Конец 80-х годов
- Если можно, еще немного о 89-м годе и о Вашем судебном процессе.
— Во-первых, тут нужно сказать, что я с 1.1. 1987 окончательно лишился работы. Но это в чем-то было хорошо, ведь у меня появилось время учиться, писать, делать «Братиславске листы», а деньги… Моя жена работала, она инженер, мы жили на ее зарплату. Кроме того, мы же посылали Антону Глинке в «Свободную Европу» информацию, а он составлял из этих фактов небольшие передачи. И гонорар за эти передачи он нам пересылал с немецкими студентами. То есть фактически я получал столько же, сколько заработал бы как юрист, тогда не было крупных зарплат. Тогда я начал издавать «Братиславске листы»: я считал, что умею оценивать политическую ситуацию у нас и за границей, и мне казалось, что режим уже не может себе позволить меня посадить.
— А когда Вы увидели первые признаки конца режима? В 1985-м или позже?

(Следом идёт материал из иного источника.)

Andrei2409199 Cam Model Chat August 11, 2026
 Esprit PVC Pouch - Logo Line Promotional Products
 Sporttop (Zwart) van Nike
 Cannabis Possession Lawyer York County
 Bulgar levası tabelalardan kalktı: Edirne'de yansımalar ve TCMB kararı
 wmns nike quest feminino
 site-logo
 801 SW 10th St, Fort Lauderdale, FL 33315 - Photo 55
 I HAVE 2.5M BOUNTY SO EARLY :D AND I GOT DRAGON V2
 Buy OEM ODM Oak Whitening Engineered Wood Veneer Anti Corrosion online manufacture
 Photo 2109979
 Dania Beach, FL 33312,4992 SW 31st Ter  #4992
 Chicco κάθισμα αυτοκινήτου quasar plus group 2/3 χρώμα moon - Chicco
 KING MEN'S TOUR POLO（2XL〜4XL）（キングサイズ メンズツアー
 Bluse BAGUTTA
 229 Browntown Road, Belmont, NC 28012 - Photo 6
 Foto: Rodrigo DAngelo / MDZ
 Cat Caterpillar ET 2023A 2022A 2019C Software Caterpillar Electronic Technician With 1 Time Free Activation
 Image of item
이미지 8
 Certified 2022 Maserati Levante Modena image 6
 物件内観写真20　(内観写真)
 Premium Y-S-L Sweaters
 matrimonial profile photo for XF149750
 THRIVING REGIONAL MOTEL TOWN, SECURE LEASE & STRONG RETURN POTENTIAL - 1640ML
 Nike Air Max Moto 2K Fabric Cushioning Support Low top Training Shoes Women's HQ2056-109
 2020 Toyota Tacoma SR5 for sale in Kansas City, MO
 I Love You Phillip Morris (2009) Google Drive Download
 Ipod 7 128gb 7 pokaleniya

— Ну, все происходило постепенно. Может быть, в 1986-м, может быть, позже. Я начал издавать «Братиславске листы» со своим именем и адресом в 1988-м. Чтобы режим не притворялся, что ничего не знает. Ведь нелегальных самиздатовских журналов выходило очень много, и я убежден, что госбезопасность знала обо всех издателях, но просто уже у них не было сил, поэтому они не сажали, а делали вид, что ни о чем не знают. В моем случае они не могли такого сказать. И когда меня, тем не менее, не сажали, я это понимал как подтверждение того, что они уже не могут себе этого позволить. Почему в августе 1989-го меня все-таки посадили, я потом, после 1990-го, узнал из кругов гбэшников. Тогда уже готовилась канонизация Анежки Чешской, и поскольку режим не мог пустить людей в массовом порядке в Рим на это торжество, то мы предполагали, что большое празднество будет в Праге, где тогда был кардинал Томашек
— А ваши адвокаты…
— Они могли навещать нас в тюрьме. Я получал и газеты, «Правду», «Руде право», а поскольку я их читал с детства, я умел прочесть между строк, что происходит. Правительство Мазовецкого, немцы, ну а потом пала Берлинская стена. У меня было еще то преимущество, что, очевидно, где-то в Германии или в Голландии в католических журналах напечатали, что Чарногурский в тюрьме, адрес такой-то, посылайте ему приветы. Так что я каждый день получал по двадцать открыток, из Голландии, из Германии, из Италии, и тюремная стража их мне приносила. И эти тюремные надзиратели понимали, что, если Чарногурскому позволяют эти открытки получать – пусть там, разумеется, ничего особенного не было, «приветствуем Вас, желаем Вам, держитесь» – ну так, наверное, режим-то не такой уж прочный. А потом был суд, Дубчек сидел в зале, австрийский консул, какой-то американский дипломат, а когда меня вели, так Франтишек Миклошко мне закричал: «Яно, перед тюрьмой пять тысяч человек!» (смеется). Конечно, все уже выглядило совсем по-другому, а 25 ноября меня выпустили.
— Если можно, еще немного о демонстрации со свечами. Франтишек Миклошко мне сказал, что было такое чувство, что во второй раз такого уже не получится.
— Ну да, вторая демонстрация со свечами бы не удалась. Но удалось бы что-то другое! До этой демонстрации была петиция за права католиков, и ее подписало полмиллиона человек! И это бы тоже во второй раз не удалось. Но то, что было собрано столько подписей, свидетельствовало о том, что вся страна покрыта сетью активистов, которые их собирали и переправляли в Прагу Томашеку, это означало, что подземная католическая организация действительно сопротивляется, и потом, когда мы объявили демонстрацию со свечами, это было что-то новенькое, и людей это вдохновило, и они пошли на это. Ну хорошо, ну не удалась бы демонстрация со свечами, мы придумали бы еще что-нибудь.